| Directions for this task |
Take the lines below from the one with "Cuchillo Opinel N08 Nature MioShe Diseno 2" through the one with "Свадебное платье №712" and retype them exactly. Include nothing else, and no pictures.

| Source data |
*** Begin section ***

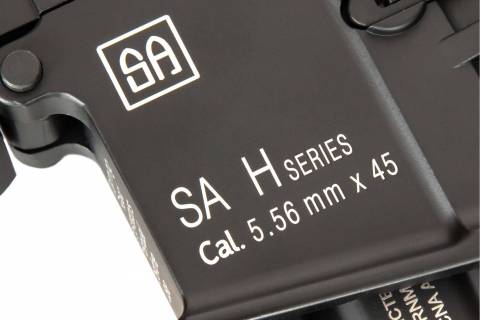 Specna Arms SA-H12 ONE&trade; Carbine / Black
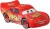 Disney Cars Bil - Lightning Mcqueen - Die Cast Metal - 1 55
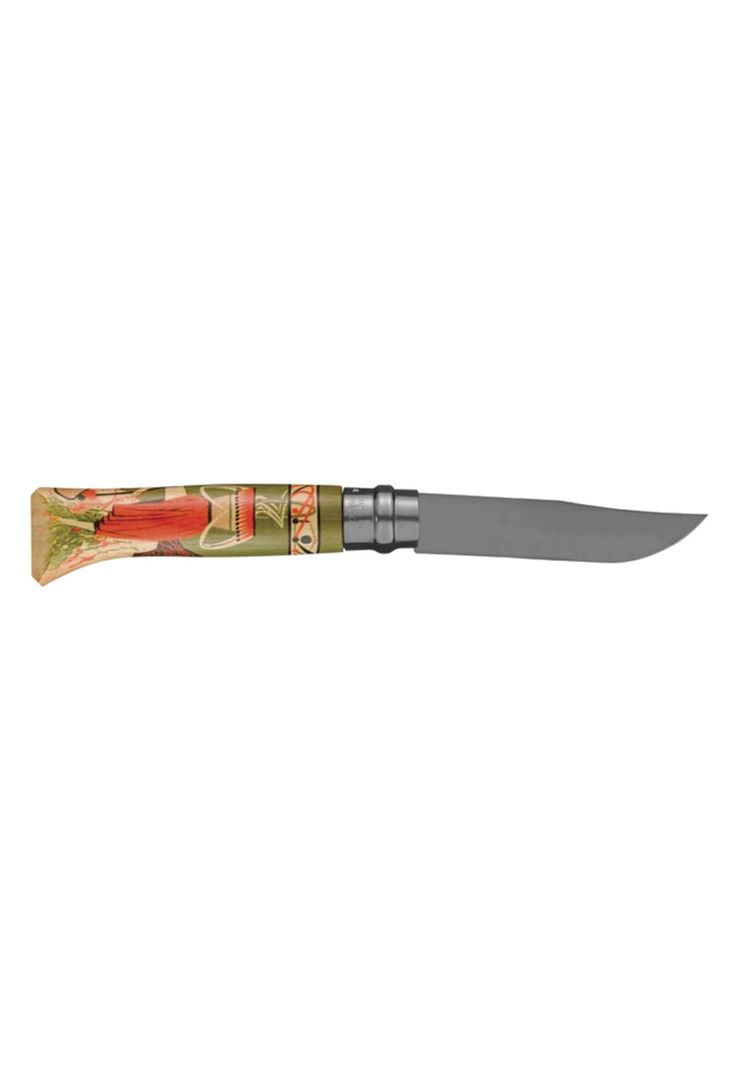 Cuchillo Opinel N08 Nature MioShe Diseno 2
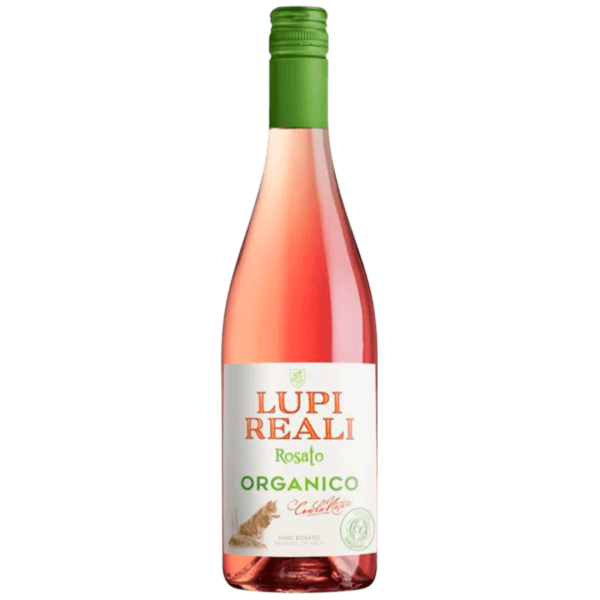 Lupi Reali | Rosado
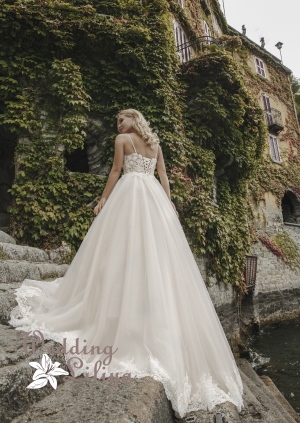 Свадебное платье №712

*** End section ***
*** Begin section ***

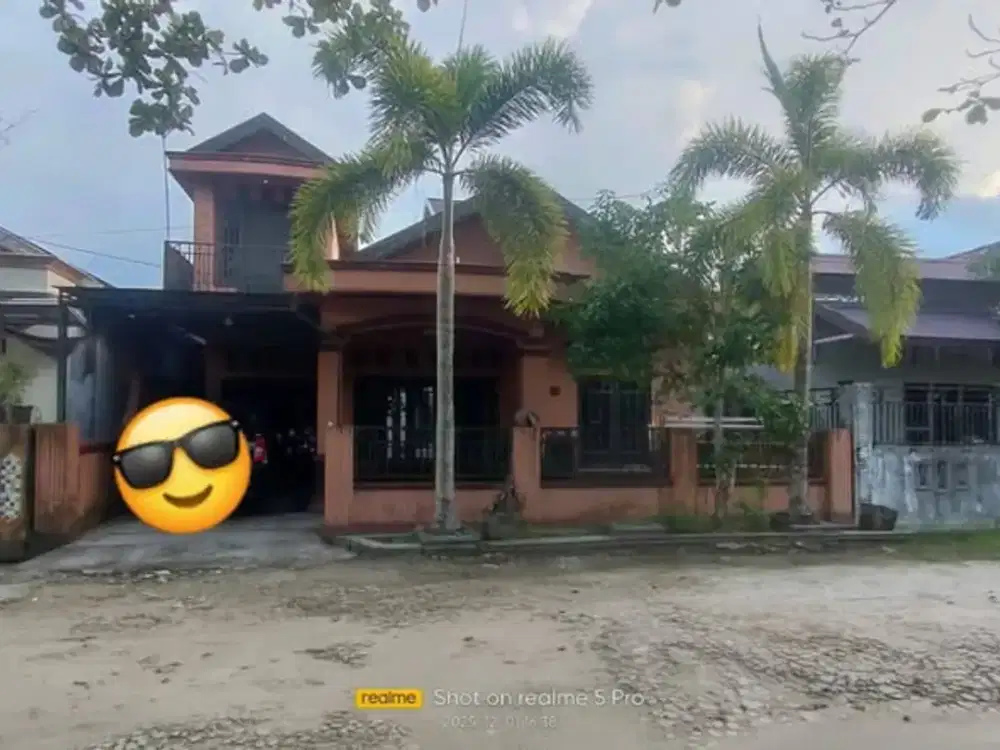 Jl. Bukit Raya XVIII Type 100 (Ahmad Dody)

*** End section ***

| Exercise result |
 Cuchillo Opinel N08 Nature MioShe Diseno 2
 Lupi Reali | Rosado
 Свадебное платье №712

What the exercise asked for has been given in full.